Tar or chocolate? Jay Hardman’s alternate universe at Space 1026

The aroma of cake wafts through the gallery at Space 1026 this month. New member of Vox Populi, Jay Hardman, gets his first one man show, Unsustainable, showcasing his love affair with buildings and building materials, while attempting to comment on the relationship between the materials, textures, and the societal contexts implicit in their use.

hardman gallery
Gallery view at Space 1026

In this show, Hardman presents an array of smallish, singular structures, and also some other pieces that I would call construction-scapes. His single structures take the form of sharp, angular table-top pieces, which colorfully crown their simple white pedestals like magic crystals or other weird chunks of strata. These works, most often oddly angled and displaying a robust juxtaposition of disparate surface texture and color, have an excellent balance and tension, both creating long, foreboding shadows punctuated with broad areas of reflected light.

“Little Boat”

“Little Boat,” the strongest of these pieces, resembles a small, irregularly-shaped house – or should I say chunk of a house. Perhaps because there’s already cake in the room, (I’ll get to that in a minute), I felt like this sculpture represented a section of house served up like a piece of cake, like it had been cut down the sides to reveal the other textures under its facade. And the blue roof, which is probably some sort of spackle or sealant, reminded me of my blue Cookie Monster cake I had when I was in kindergarten. Still, the sculpture is chock full of texture and pattern modulations and has great weightiness and energy.

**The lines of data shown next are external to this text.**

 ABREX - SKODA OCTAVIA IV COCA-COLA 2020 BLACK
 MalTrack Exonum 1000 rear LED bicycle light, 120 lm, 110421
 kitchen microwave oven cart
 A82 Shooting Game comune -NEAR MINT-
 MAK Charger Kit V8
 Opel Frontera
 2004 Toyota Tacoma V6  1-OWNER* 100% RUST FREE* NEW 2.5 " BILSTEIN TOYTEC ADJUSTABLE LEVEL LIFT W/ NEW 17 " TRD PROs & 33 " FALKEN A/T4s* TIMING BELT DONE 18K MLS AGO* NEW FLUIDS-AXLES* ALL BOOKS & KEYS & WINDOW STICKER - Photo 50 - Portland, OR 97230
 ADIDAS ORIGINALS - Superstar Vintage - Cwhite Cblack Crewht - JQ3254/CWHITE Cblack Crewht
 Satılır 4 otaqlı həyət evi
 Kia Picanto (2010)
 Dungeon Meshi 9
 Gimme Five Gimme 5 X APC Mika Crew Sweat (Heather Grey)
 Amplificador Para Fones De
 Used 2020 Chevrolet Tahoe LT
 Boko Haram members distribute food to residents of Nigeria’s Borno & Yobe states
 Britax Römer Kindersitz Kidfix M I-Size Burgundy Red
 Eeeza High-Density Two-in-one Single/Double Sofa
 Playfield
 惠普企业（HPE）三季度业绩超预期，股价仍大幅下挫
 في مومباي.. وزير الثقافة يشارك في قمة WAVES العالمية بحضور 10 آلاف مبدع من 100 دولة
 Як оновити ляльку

The sculpture, “Butterfly,” was another standout. Again using sharp, aggressive angles, Hardman creates an unexpected dialogue between some whimsical butterfly wallpaper and roofing tar. The shape is almost futuristic in its dynamics, the outer side plastered with the wall paper, while shadowy inner walls are slopped up with a thick impasto layer of shiny black tar. The sculpture conveys a sort of stark formal beauty, yet with an air of uneasiness – I felt a little like I was being purposely misdirected or lied to by a child.


Hardman’s miniaturized construction-scapes are also on display. “Michigan” is a large sheet-cake that seems to be undergoing some sort of excavation/construction project. Brick walls, wooden railings, and metal barricades populate the site. The chocolate cake (dirt), with its patches or white icing (snow) gives the scene a cold, desolate feel that indeed reminds one of Detroit and its barren, crumbling infrastructure. Apart from being a pretty good material for grading and carving up into a mini landscape, the use of cake seems to comment on the way we (Americans?) consume our resources without much serious thought, comparing our wanton use of land and raw materials to a sort of unplanned, benign activity such as eating cake.

“Loading Dock”

Another contruction-scape, “Loading Dock,” depicts a myriad of tiny handmade objects that would be piled up and stored at a construction site. Tediously crafted miniature trash bags, concrete barriers, steel girders, cinderblocks, and many other objects are tightly packed together and stacked up in this multicolored world. The piece at once celebrates these artifacts of human ingenuity, while also highlighting the wasteful practices of 20th century construction techniques.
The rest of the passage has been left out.